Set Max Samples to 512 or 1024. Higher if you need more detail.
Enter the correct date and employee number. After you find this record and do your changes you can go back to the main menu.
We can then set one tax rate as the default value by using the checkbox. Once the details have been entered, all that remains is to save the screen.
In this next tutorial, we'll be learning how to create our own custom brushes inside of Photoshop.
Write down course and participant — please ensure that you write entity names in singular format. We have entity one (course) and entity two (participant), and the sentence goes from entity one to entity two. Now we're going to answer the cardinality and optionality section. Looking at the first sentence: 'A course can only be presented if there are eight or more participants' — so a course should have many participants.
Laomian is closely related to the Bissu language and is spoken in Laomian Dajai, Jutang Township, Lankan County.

---

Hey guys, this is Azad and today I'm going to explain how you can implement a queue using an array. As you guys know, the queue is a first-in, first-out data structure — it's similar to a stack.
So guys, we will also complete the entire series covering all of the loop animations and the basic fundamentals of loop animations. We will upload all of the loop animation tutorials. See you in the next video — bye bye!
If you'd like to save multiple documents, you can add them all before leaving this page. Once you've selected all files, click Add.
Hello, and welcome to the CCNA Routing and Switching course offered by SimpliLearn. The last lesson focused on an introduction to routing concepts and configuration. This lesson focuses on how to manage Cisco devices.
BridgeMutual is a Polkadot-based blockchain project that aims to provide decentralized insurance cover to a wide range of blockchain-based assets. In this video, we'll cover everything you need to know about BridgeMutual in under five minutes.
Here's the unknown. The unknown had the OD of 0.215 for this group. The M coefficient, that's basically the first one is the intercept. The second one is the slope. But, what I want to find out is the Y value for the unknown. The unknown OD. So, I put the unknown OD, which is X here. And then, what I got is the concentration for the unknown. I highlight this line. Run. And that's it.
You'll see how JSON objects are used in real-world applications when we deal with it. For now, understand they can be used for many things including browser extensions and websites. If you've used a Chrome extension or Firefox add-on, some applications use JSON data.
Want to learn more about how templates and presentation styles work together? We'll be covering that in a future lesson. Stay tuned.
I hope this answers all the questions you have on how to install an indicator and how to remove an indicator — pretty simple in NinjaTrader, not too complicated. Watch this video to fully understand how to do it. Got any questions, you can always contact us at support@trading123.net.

* * *

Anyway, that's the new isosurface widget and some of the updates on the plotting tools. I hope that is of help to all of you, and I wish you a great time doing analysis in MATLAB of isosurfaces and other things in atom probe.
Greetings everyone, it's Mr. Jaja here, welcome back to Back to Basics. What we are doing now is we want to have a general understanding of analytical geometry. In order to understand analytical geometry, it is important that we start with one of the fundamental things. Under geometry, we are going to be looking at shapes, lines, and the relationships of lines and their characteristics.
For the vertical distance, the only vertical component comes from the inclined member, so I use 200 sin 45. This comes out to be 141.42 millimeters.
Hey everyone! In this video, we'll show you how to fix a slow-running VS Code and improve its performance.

#### What to work on:
Copy the lines above exactly. Start with the line containing "Set Max Samples", end with the line containing "Laomian is closely", and include both.

#### Response area:
Set Max Samples to 512 or 1024. Higher if you need more detail.
Enter the correct date and employee number. After you find this record and do your changes you can go back to the main menu.
We can then set one tax rate as the default value by using the checkbox. Once the details have been entered, all that remains is to save the screen.
In this next tutorial, we'll be learning how to create our own custom brushes inside of Photoshop.
Write down course and participant — please ensure that you write entity names in singular format. We have entity one (course) and entity two (participant), and the sentence goes from entity one to entity two. Now we're going to answer the cardinality and optionality section. Looking at the first sentence: 'A course can only be presented if there are eight or more participants' — so a course should have many participants.
Laomian is closely related to the Bissu language and is spoken in Laomian Dajai, Jutang Township, Lankan County.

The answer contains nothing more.